New BSP charter gives space for RRR cuts
MANILA, Philippines — The lead economist of Ayala-led Bank of the Philippine Islands (BPI) said the amendments to the charter of the Bangko Sentral ng Pilipinas (BSP) give monetary authorities more room to slash the level of deposits banks are required to keep with the central bank.
BPI lead economist Jun Neri said cuts of more than two percentage points in the reserve requirement ratio (RRR) this year and even more are possible following the signing of the charter amendments.
President Duterte has signed into law Republic Act 11211, which amended RA 7653 or the New Central Bank Act.
The economist sees the BSP’s Monetary Board slashing the RRR during its rate-setting meeting on June 20.

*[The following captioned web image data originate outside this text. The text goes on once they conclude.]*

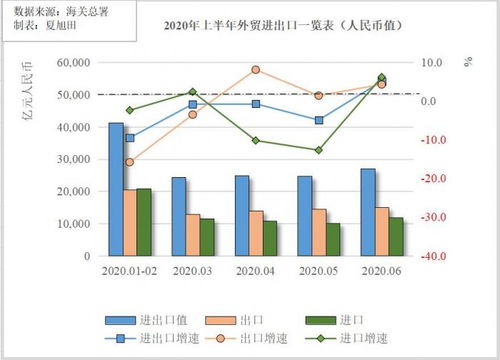 6月进出口双增长 上半年外贸成绩单出炉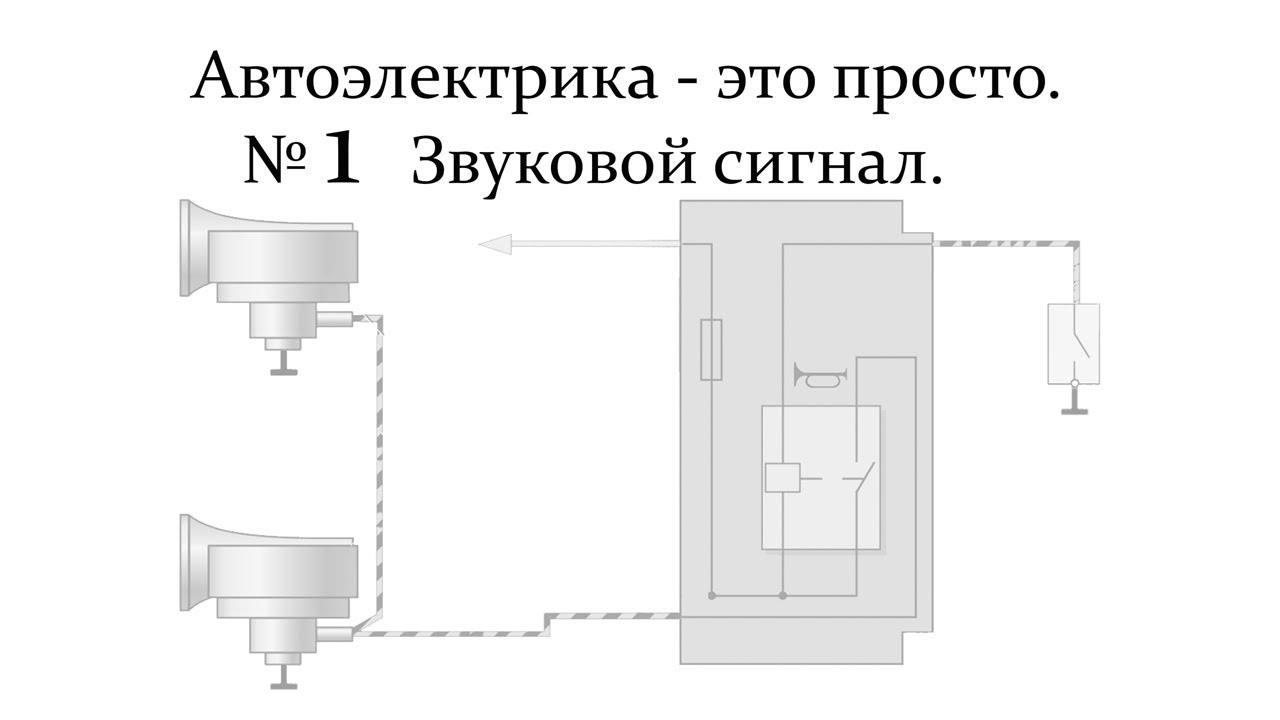 Как включается звуковой сигнал. принцип работы.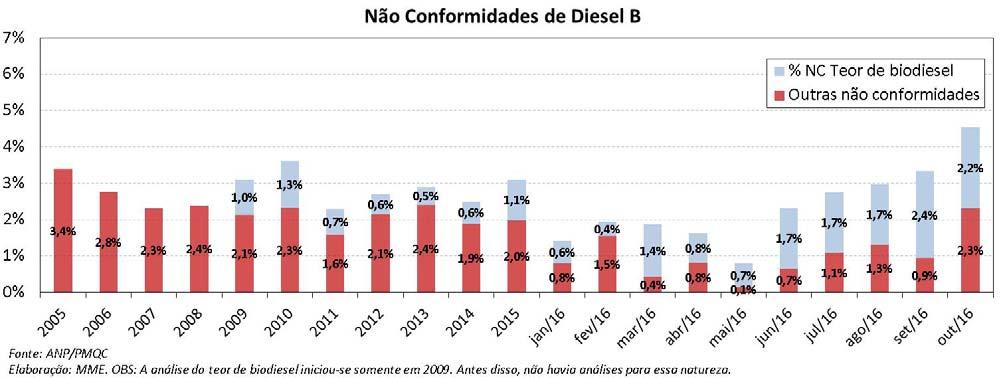 Biodiesel: Não Conformidades no Óleo Diesel (B7) A ANP analisou 1.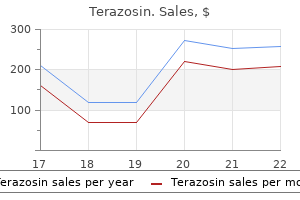 buy 5 mg terazosin overnight delivery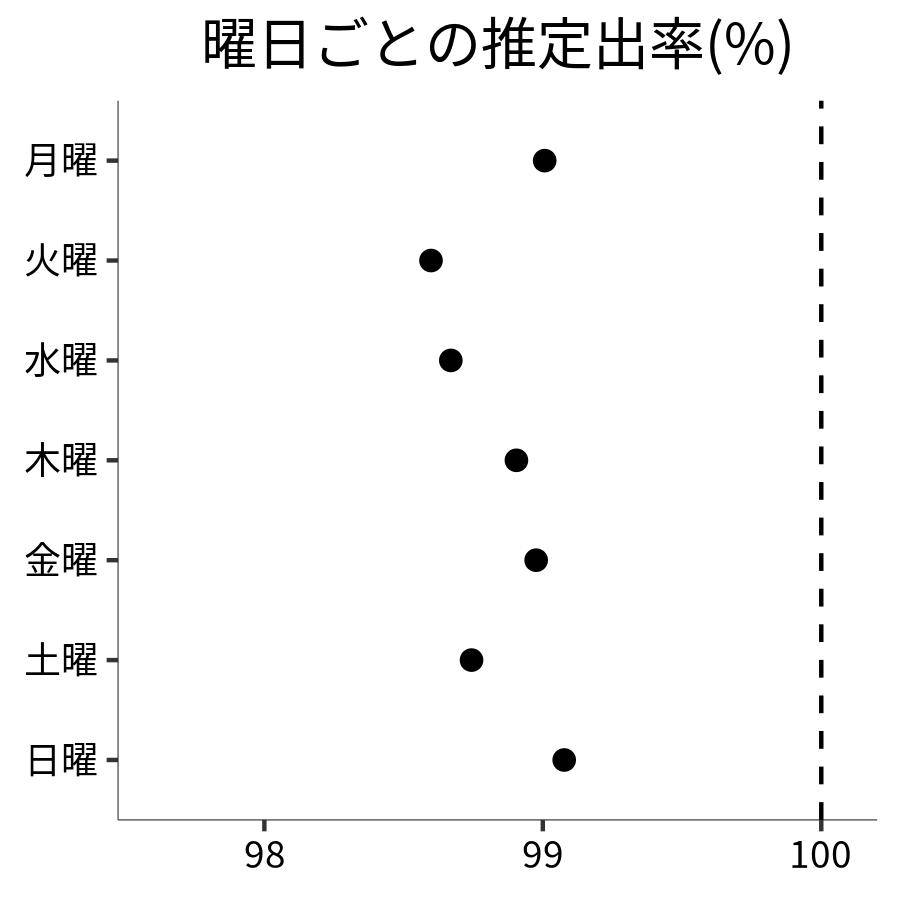 曜日ごとの出率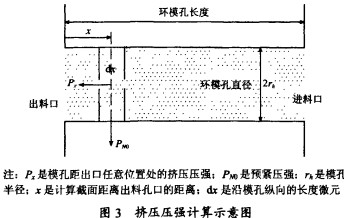 顆粒機(jī)環(huán)模擠壓輕度示意圖 顆粒機(jī)環(huán)模擠壓輕度示意圖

“When prices and monetary conditions allow it, RRR reduction can be carried out more aggressively,” Neri said.
According to Neri, the BSP may slash the RRR by at least two percentage points or as much as four percent this year.

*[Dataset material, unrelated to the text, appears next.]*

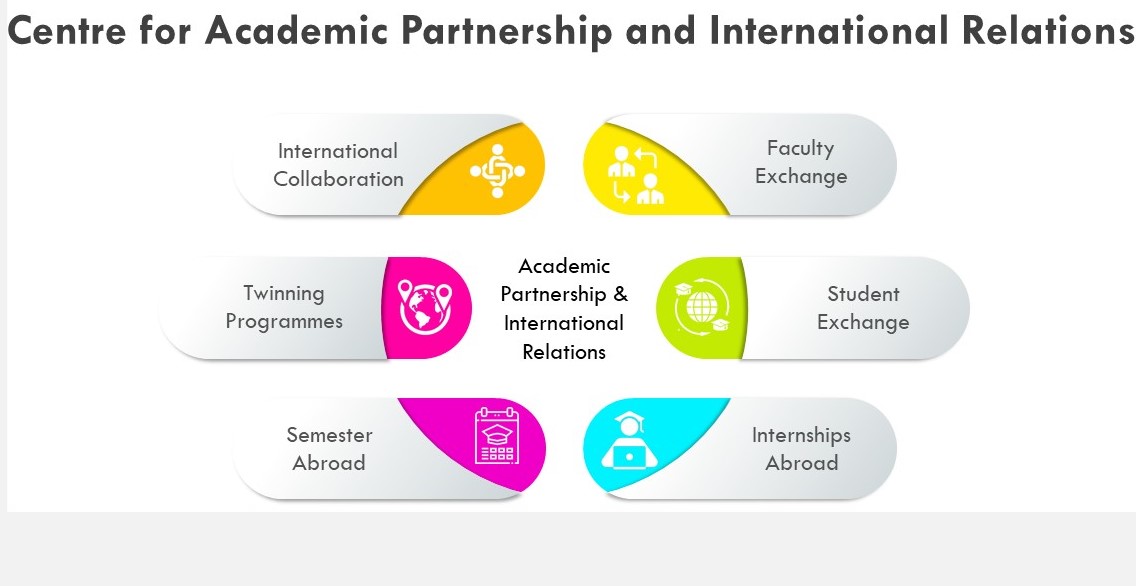 Centre for Academic Partnership and International Relations is an initiative of Sathyabama Institute of Science and Technology devoted to promote academic alliances with Universities and Institutions at National and International level.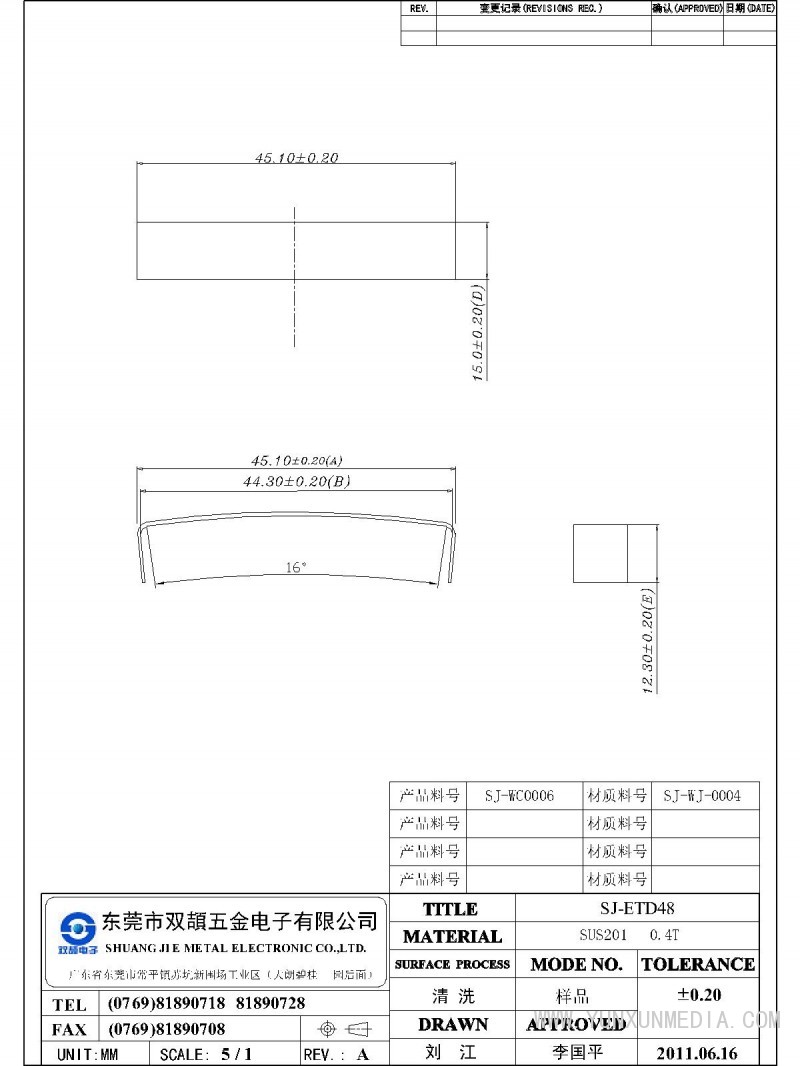 SJ-ETD48-Model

He said the central bank would prioritize structural reform measures that have a net-easing impact on liquidity once it is clear that the inflation target is within reach.
Other than a host of other medium and long term benefits, the RRR cuts would likely help temper the crowding-out effect of public sector deficit spending expected to continue this year.
“In particular, the liquidity expansion expected to result from the RRR cuts is anticipated to further ease the tightening of liquidity conditions in the domestic funds market seen since September,” he said earlier.
The BSP has reduced the RRR twice last year to 18 percent from 20 percent releasing around P190 billion in additional liquidity into the financial system.
The first reduction that took effect on March 2 last year injected P90 billion worth of fresh funds into the system followed by another 100 basis point cut on June 1, 2018 that poured around P100 billion in additional liquidity into the economy.
The new BSP Charter authorizes the increase in its capitalization to P200 billion from P50 billion. The increase will be sourced from dividends declared by the BSP in favor of the national government.
Under the new charter, BSP is also exempt from taxes on income derived from governmental functions, placing the central bank in a stronger position to pursue its price and financial stability mandate amidst a growing economy and the increasing sophistication of the financial system.
“The amendments to the BSP Charter are both timely and attuned to a fast-evolving market landscape. We also recognize the efforts of central bankers who began spade work on this legislative initiative some 20 years ago. Under our new Charter, we will continue to build on the central bank’s rich institutional experience under BSP’s Continuity Plus-Plus program,” BSP Governor Nestor Espenilla Jr. said.
The new charter embodies a package of reforms to further align its operations with global best practices, improve the BSP’s corporate viability, and enhance its capacity for crafting proactive policies amid rising interlinkages in the financial markets and the broader economy.
In line with current international trends, the law removes money supply and credit levels as basis for determining monetary policy. The focus on these indicators has declined among central banks over the years, as fostering price stability now considers a broader set of indicators.
It also restores the central bank’s authority to issue debt papers as part of its regular operation. This gives the BSP greater flexibility in determining the timing and size of its monetary operations.